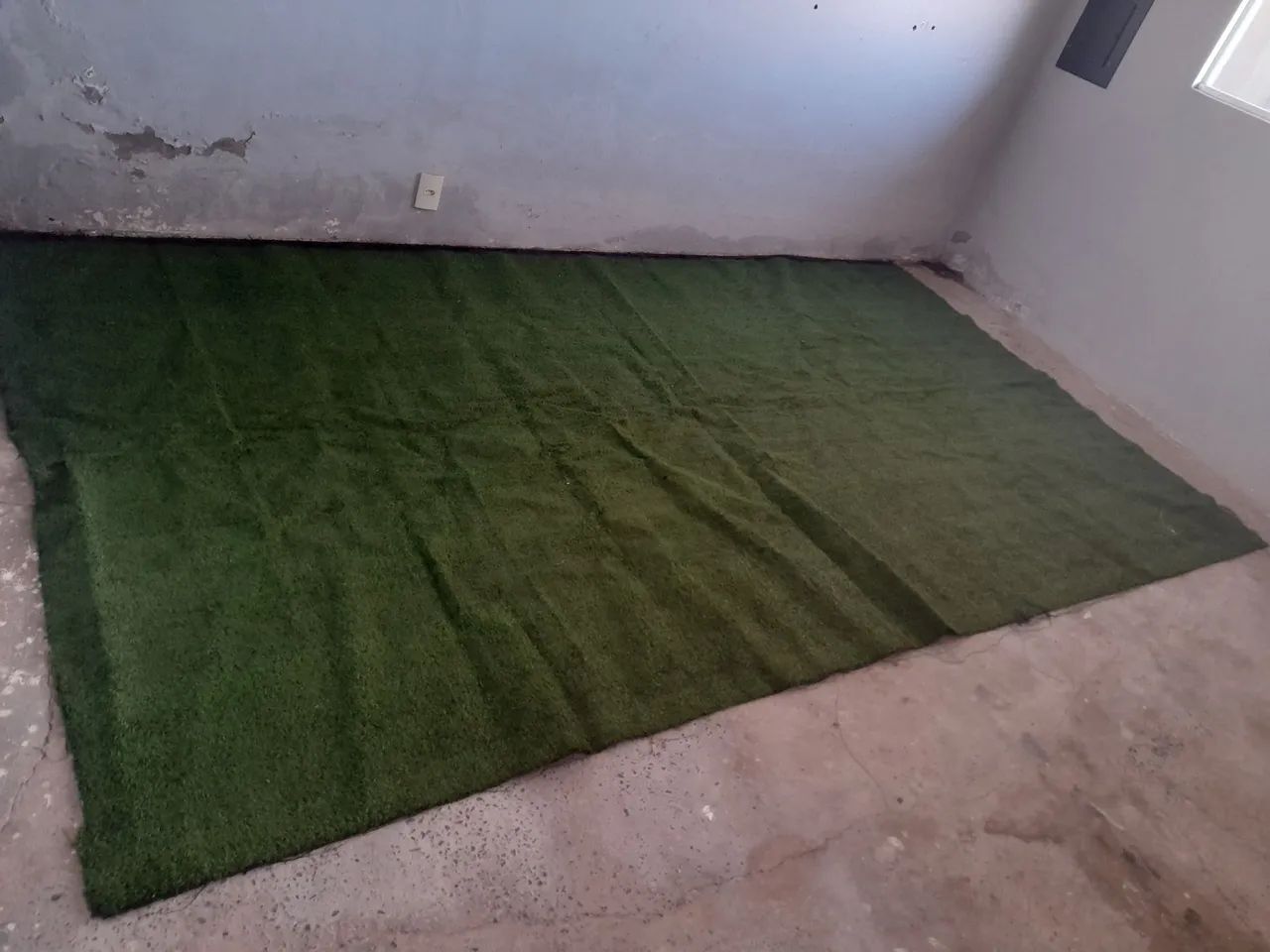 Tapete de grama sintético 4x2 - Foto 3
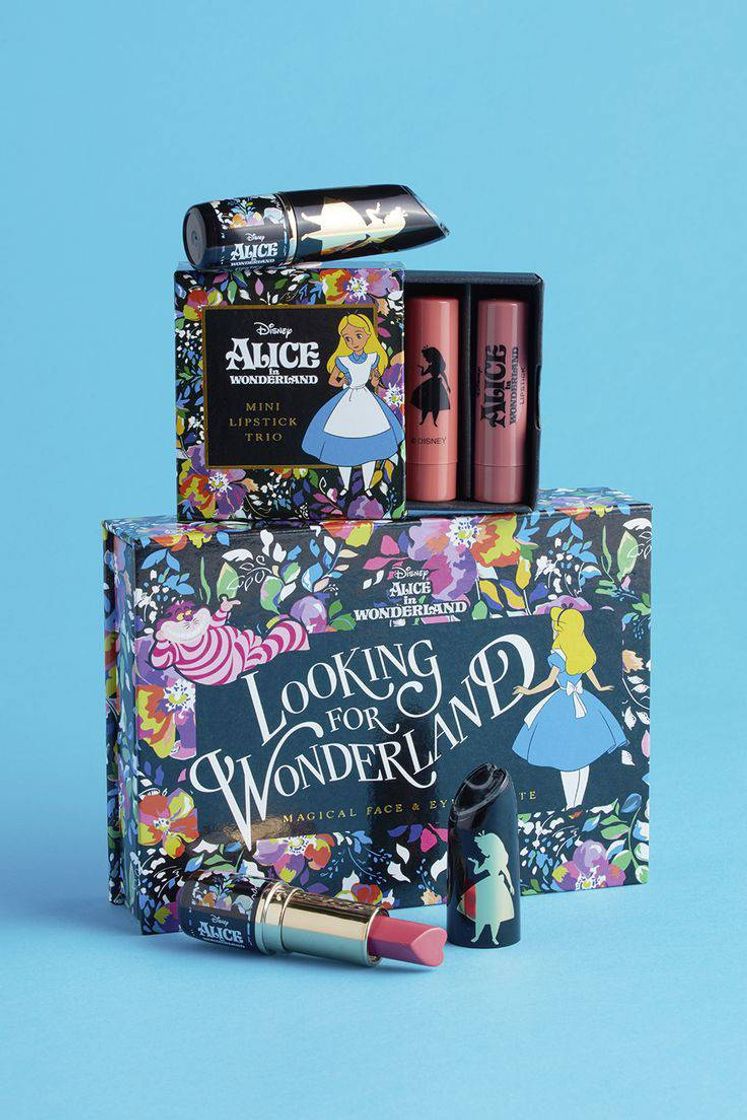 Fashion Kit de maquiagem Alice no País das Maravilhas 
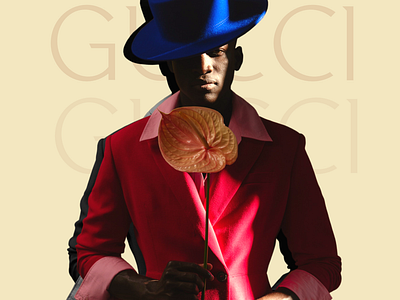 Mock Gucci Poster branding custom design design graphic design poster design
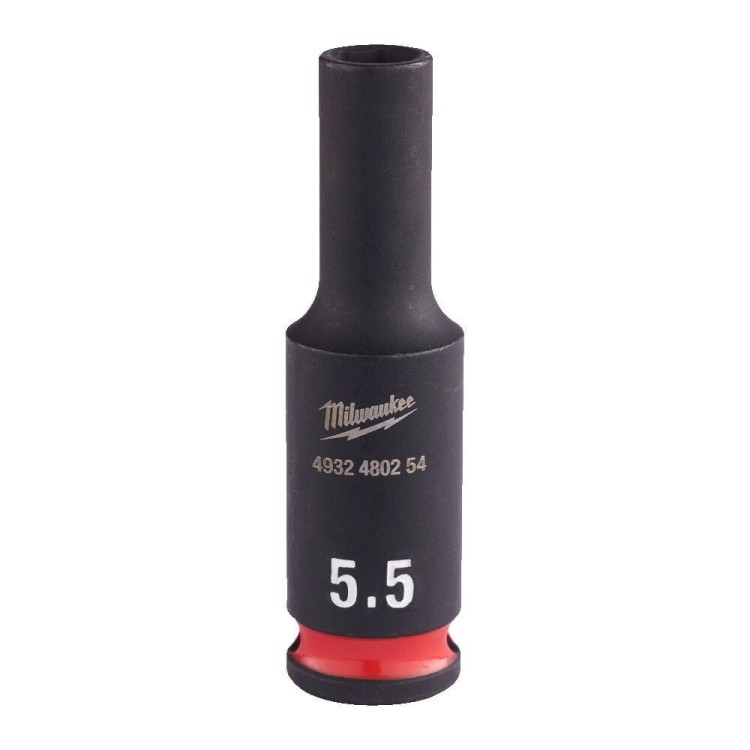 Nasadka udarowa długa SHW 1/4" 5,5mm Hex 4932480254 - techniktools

---

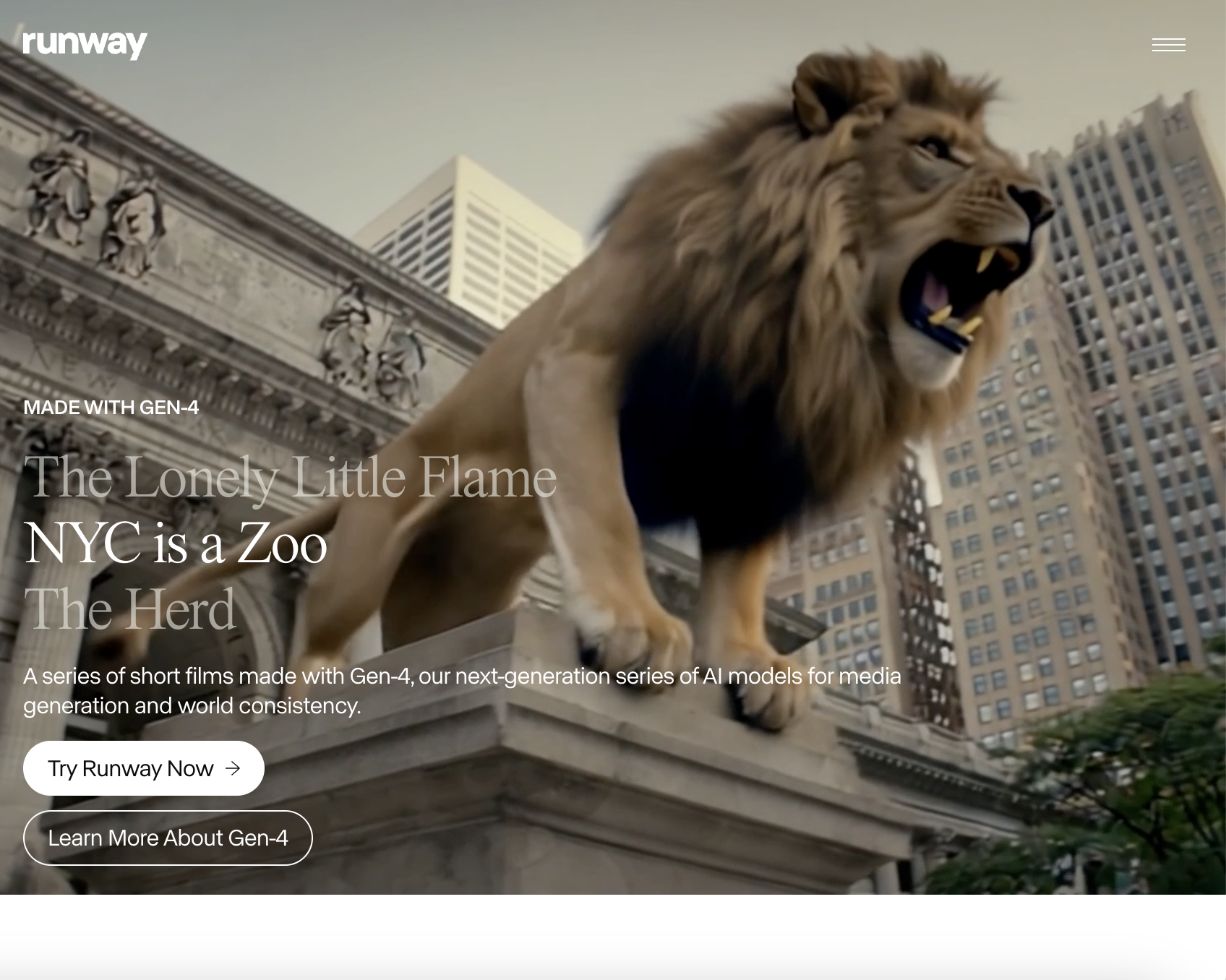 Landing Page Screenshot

- WORK INSTRUCTIONS
What are the lines in the records above, word for word, from the one containing "Tapete de grama sintético 4x2 - Foto 3" through the one containing "Nasadka udarowa długa", both ends included and pictures left out?

- SOLUTION TO THIS EXERCISE
 Tapete de grama sintético 4x2 - Foto 3
 Fashion Kit de maquiagem Alice no País das Maravilhas 
 Mock Gucci Poster branding custom design design graphic design poster design
 Nasadka udarowa długa SHW 1/4" 5,5mm Hex 4932480254 - techniktools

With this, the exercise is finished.